Kwesi Appiah (born 12 August 1990) is a Ghanaian professional footballer who plays as a striker for Colchester United, on loan from  side Crawley Town and the Ghana national team.

Club career

Ebbsfleet United
Appiah was born in Camberwell, Greater London, to a Ghanaian father and an English mother. He is a product of the Ebbsfleet United PASE youth system, and graduated to the first team in August 2008. He scored his first goal for the club with his first touch after coming on as a substitute against Woking on 20 September 2008. Appiah missed training in October and after leaving the ground, he failed to report back to the club.

Peterborough United
His disappearance was explained in October, when League One team Peterborough United announced the signing of Appiah, on a three and a half-year deal. The matter was reported to The Football Association, as it was reported in breach of regulations. On 15 December it was reported that the FA had decided that the approach made for Appiah by Peterborough was "not proven" and so no ruling could be made.

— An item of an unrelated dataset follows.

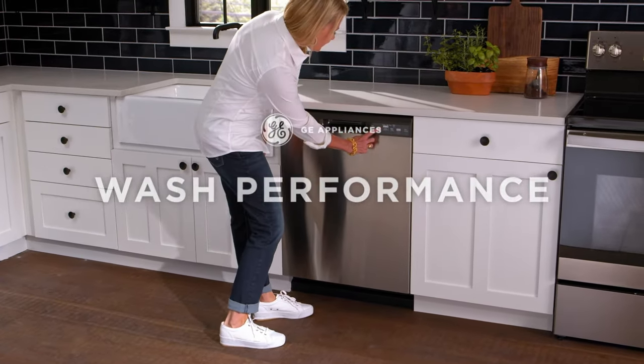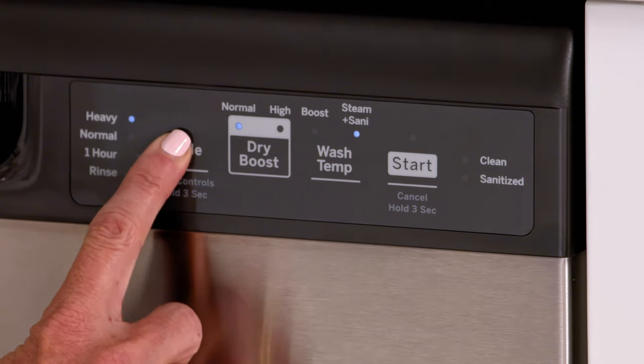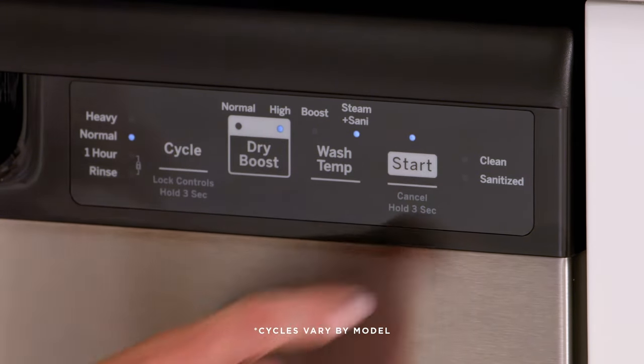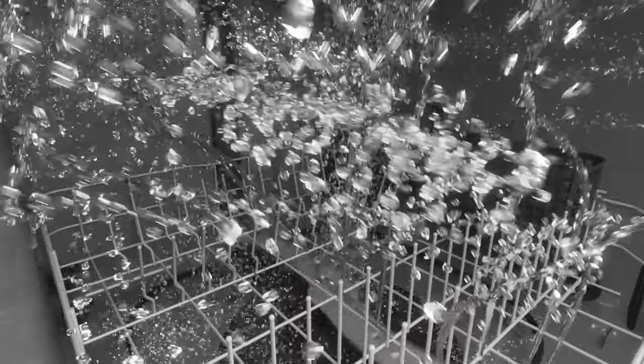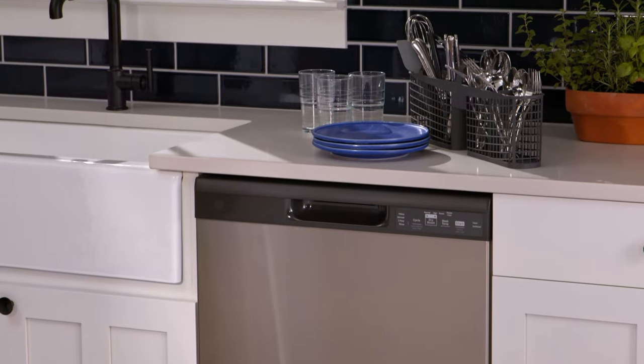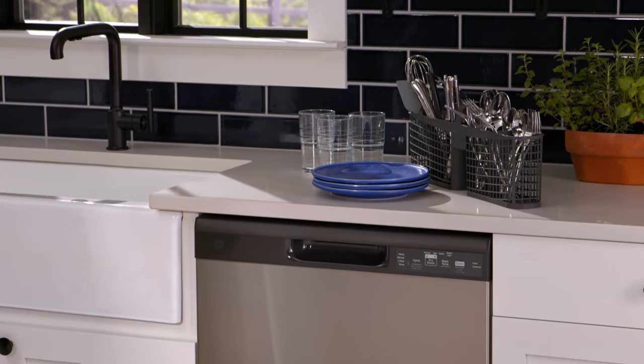Have confidence in a complete clean every time you do the dishes, with cycles that wash even the messiest loads to perfection. Precision Wash Arms spray the upper and lower racks one at a time, covering every inch so you don't need to pre-rinse. And Made in America quality gives you long-lasting performance to go with amazing results.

Appiah was loaned out back to the Conference with Weymouth in February 2009 and made his debut in a 2–0 defeat to York City. He suffered from an ankle ligament injury that ruled him out of a game against Altrincham, but returned for the 5–0 defeat to Burton Albion. He returned to Peterborough on 20 March. He spent time at Northern Premier League Premier Division side King's Lynn in 2009, where he played 10 games scoring 9 goals, including a hat-trick against Durham City in an 11–0 win. Appiah's loan spell came to an abrupt end when the club was wound up in late-November 2009; this meant their record for 2009–10 was expunged. On 19 January 2010, he joined Kettering Town on a month-long loan.

Return to Non-League
Appiah joined Southern Football League Premier Division side Brackley Town for the 2010–11 season. Appiah then signed a two-year deal with Isthmian League Premier Division side Margate on 25 July 2011. After his great run of form this attracted a number of professional clubs and on 16 January 2012, he was linked with a move to Blackpool, when he claimed Margate had agreed a deal with the Seasiders and stated that he was due to travel to Blackpool for talks with manager, but he later rejected the move as he preferred to move to London. Appiah left Margate having scored 35 goals in 34 games for the club.

Crystal Palace
On 31 January 2012, he agreed his second professional deal to play for Crystal Palace. On 28 January 2013, Appiah joined Football League One side Yeovil Town on a month's loan deal. He made his first appearance for Yeovil in the 2–1 win over MK Dons, coming on in the second half as a substitute for Matthew Dolan.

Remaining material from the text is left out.